Prerequisites:** K-Means Clustering**
In this article, we will discuss how to select the best k (Number of clusters) in the k-Means clustering algorithm.
Introduction To Elbow Method
A fundamental step for any unsupervised algorithm is to determine the optimal number of clusters into which the data may be clustered. Since we do not have any predefined number of clusters in unsupervised learning. We tend to use some method that can help us decide the best number of clusters. In the case of K-Means clustering, we use Elbow Method for defining the best number of clustering
What Is the Elbow Method in K-Means Clustering
As we know in the k-means clustering algorithm we randomly initialize k clusters and we iteratively adjust these k clusters till these k-centroids riches in an equilibrium state.
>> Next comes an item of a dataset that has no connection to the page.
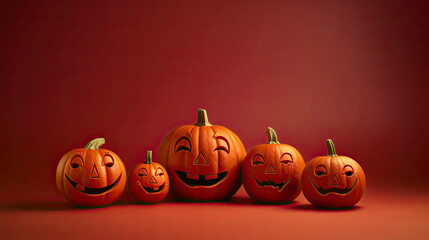 Halloween pumpkins on a light maroon background.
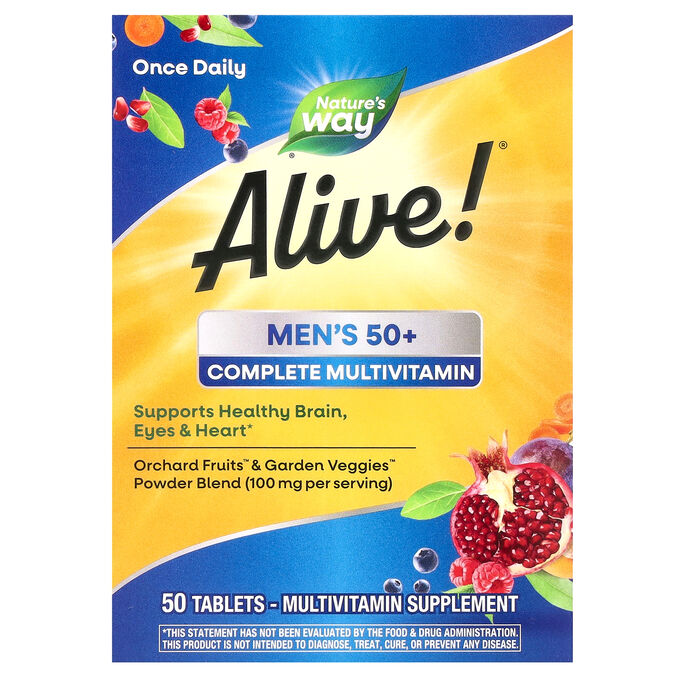 Nature&#039;s Way, Alive! полноценный поливитаминный комплекс для мужчин старше 50 лет, 50 таблеток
However, the main thing we do before initializing these clusters is that determine how many clusters we have to use.
For determining K(numbers of clusters) we use Elbow method. Elbow Method is a technique that we use to determine the number of centroids(k) to use in a k-means clustering algorithm. In this method to determine the k-value we continuously iterate for k=1 to k=n (Here n is the hyperparameter that we choose as per our requirement). For every value of k, we calculate the within-cluster sum of squares (WCSS) value.
WCSS - It is defined as the sum of square distances between the centroids and each points.
Now For determining the best number of clusters(k) we plot a graph of k versus their WCSS value. Surprisingly the graph looks like an elbow (which we will see later). Also, When k=1 the WCSS has the highest value but with increasing k value WCSS value starts to decrease. We choose that value of k from where the graph starts to look like a straight line.